• **Entries provided**

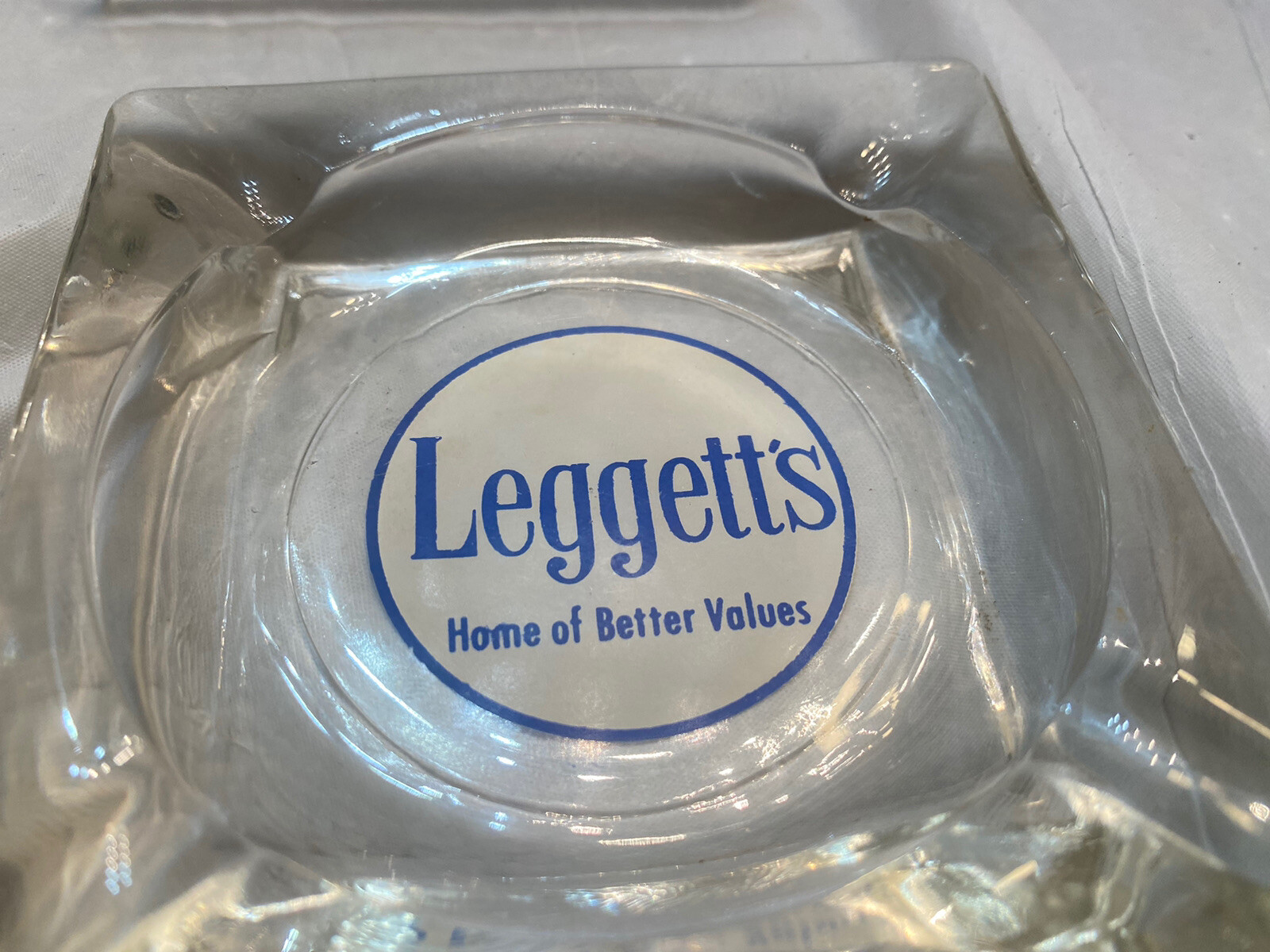 Vintage ASHTRAY LEGGETT'S HOME OF BETTER VALUES Excellent Graphic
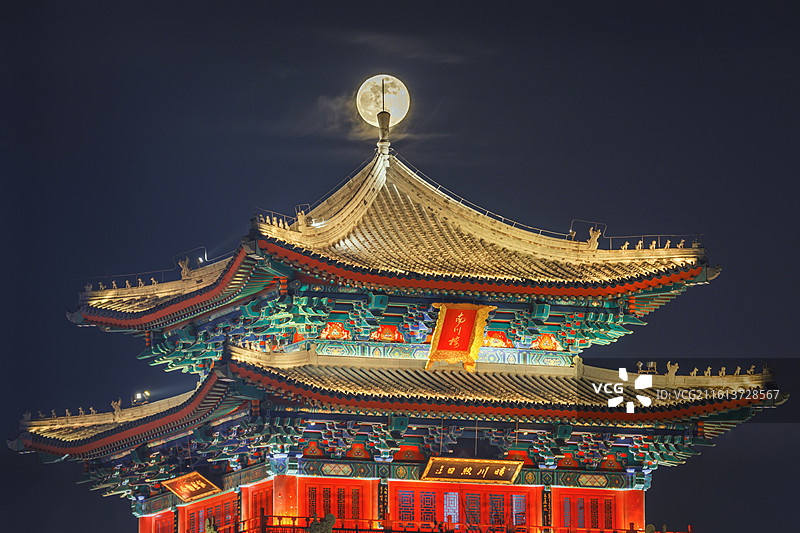 南川楼与冬月十五的超级月亮图片素材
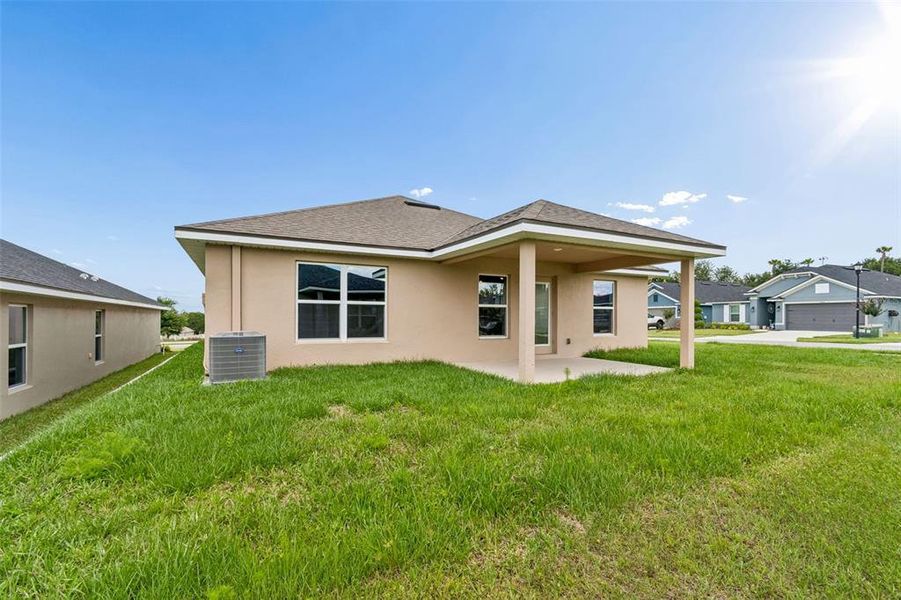 Exterior details and patio area of a home in Abbey Glen, Dade City (Image 38).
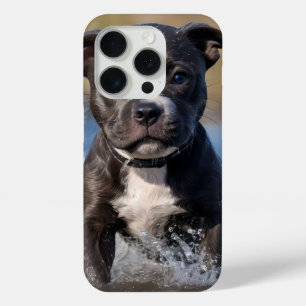 "Wave Chaser: Ein besonnener Welpe beim Spielen im Case-Mate iPhone Hülle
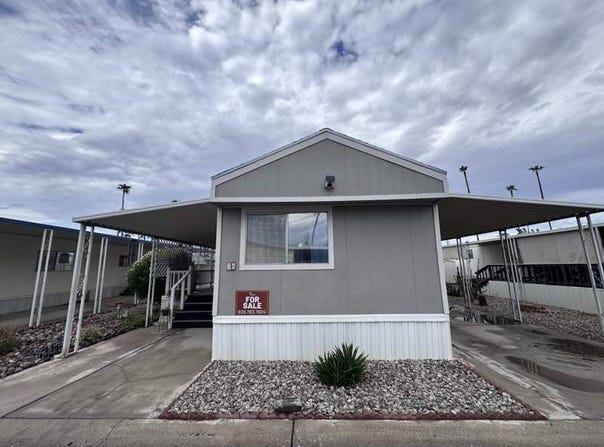 2402 W 16th St, Yuma, AZ 85364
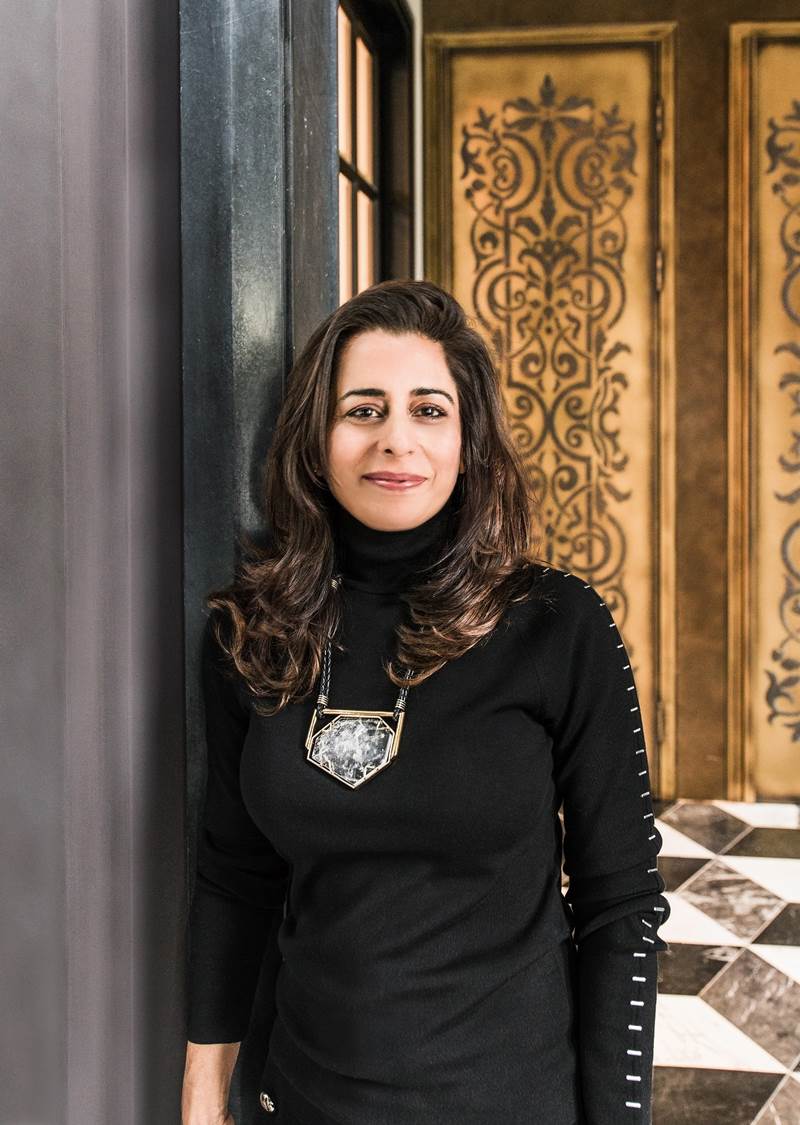 Shalini Misra曾任職於美國、印度、英國等地知名的建築設計公司，並與1996年成立自己的公司。
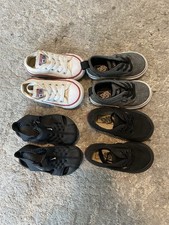 Lote com 4 pares de sapatos infantis comprar usado  Enviando para Brazil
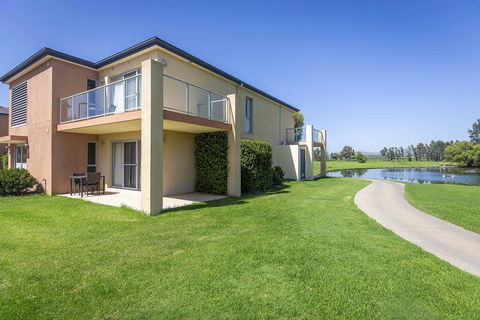 Villa On The Green - Accommodation Kalgoorlie 0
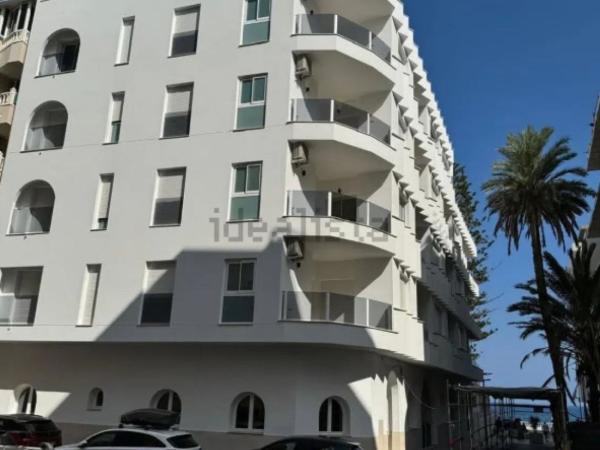 Sprzedaż mieszkania w Piso en Avenida Doctor Mariano Ruiz Canovas, Playa de los Locos, Torrevieja, Torrevieja
photo 1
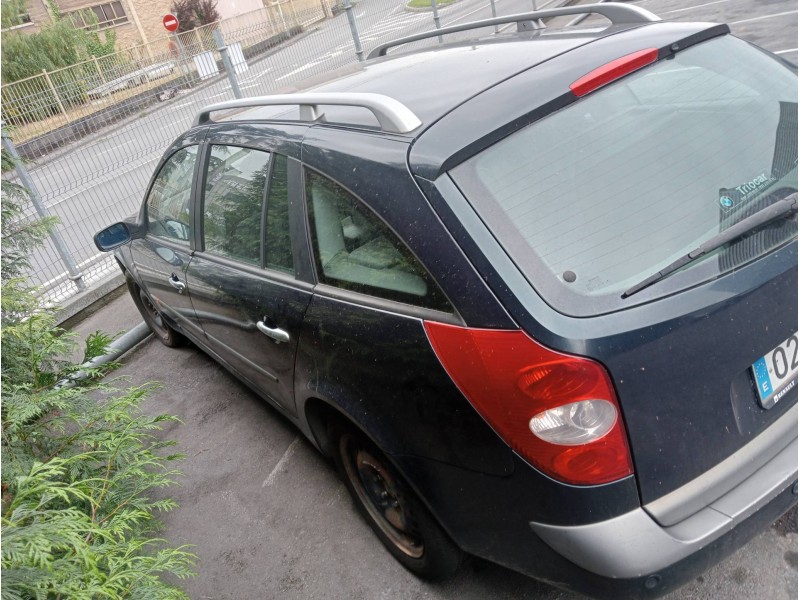 renault laguna ii grandtour (kg0) del año 2004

• **Assignment**
Retype the whole listing exactly. Do not include the pictures.

• **Solution for this problem**
 Vintage ASHTRAY LEGGETT'S HOME OF BETTER VALUES Excellent Graphic
 南川楼与冬月十五的超级月亮图片素材
 Exterior details and patio area of a home in Abbey Glen, Dade City (Image 38).
 "Wave Chaser: Ein besonnener Welpe beim Spielen im Case-Mate iPhone Hülle
 2402 W 16th St, Yuma, AZ 85364
 Shalini Misra曾任職於美國、印度、英國等地知名的建築設計公司，並與1996年成立自己的公司。
 Lote com 4 pares de sapatos infantis comprar usado  Enviando para Brazil
 Villa On The Green - Accommodation Kalgoorlie 0
 Sprzedaż mieszkania w Piso en Avenida Doctor Mariano Ruiz Canovas, Playa de los Locos, Torrevieja, Torrevieja
photo 1
 renault laguna ii grandtour (kg0) del año 2004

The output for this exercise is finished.